We are seeking support for GPU time, storage, public-data processing, external code comparisons, and documented validation artefacts. The goal is to convert implemented research infrastructure into reproducible evidence that can be reviewed, repeated, and challenged.
Claim boundary
Funding supports validation work. It does not by itself create facility deployment evidence, safety approval, or quantitative public claims. SCPN Control keeps full-fidelity claims blocked until the corresponding external artefacts pass the repository admission gates.
Current support request¶
The immediate need is funding and collaboration for validation, not marketing language. The prepared lanes need public-data acquisition, GPU execution, external-code comparisons, target-hardware timing, and independent review. The repository already records blockers as evidence gates; financing pays to run the campaigns that can close those gates or produce useful negative evidence.
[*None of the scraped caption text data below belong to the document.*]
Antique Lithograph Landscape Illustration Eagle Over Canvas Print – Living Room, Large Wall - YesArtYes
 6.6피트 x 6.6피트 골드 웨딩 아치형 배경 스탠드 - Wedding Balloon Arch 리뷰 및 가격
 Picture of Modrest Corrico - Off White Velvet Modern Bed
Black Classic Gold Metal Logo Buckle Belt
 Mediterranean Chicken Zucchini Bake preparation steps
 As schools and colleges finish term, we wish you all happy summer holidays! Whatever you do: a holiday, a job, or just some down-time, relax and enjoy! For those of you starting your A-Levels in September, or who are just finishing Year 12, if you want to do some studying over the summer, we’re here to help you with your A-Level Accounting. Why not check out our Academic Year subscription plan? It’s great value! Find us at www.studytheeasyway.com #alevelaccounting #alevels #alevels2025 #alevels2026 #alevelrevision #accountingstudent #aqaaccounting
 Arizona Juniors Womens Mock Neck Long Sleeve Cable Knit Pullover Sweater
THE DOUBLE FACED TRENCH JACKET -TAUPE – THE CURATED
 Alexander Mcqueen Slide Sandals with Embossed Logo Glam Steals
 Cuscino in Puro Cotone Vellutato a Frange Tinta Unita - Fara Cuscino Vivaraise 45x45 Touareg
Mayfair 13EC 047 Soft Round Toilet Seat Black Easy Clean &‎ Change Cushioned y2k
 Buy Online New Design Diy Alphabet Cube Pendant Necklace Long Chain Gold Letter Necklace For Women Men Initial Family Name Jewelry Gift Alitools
Why compute financing matters¶
The repository already separates bounded local evidence from external validation requirements. That discipline is useful, but it also makes the bottleneck clear: several high-value physics surfaces need large public datasets, repeated GPU campaigns, and external solver comparisons before they can support broader claims.
Current blockers include:
| Validation lane | What is needed | Why financing helps |
|---|---|---|
| Neural transport | QLKNN/QuaLiKiz tensors, preprocessing, training, holdout reports | Public payloads are hundreds of GB before processed tensors and repeats |
| Differentiable physics | JAX transport/equilibrium gradient campaigns and latency evidence | GPU runs make end-to-end gradient validation practical |
| Gyrokinetic comparison | Real TGLF, GENE, GS2, CGYRO, or QuaLiKiz artefacts for identical cases | External-code runs require compute, executable access, and evidence packaging |
| Neural equilibrium | Synthetic pretraining plus EFIT/P-EFIT reference comparison | Real reconstruction artefacts and repeated training runs are required |
| Digital twin | TRANSP/TSC or equivalent integrated-modelling evidence | External simulator artefacts must be converted into strict admission reports |
| Disruption prediction | Measured multi-facility databases and baseline comparisons | Synthetic benchmarks do not replace measured disruption evidence |
Active public-data acquisition¶
The current public acquisition lane targets QLKNN and QuaLiKiz data hosted on Zenodo. The repository stores normalised acquisition manifests; the large tensor payloads are downloaded into a local data workspace rather than committed to git.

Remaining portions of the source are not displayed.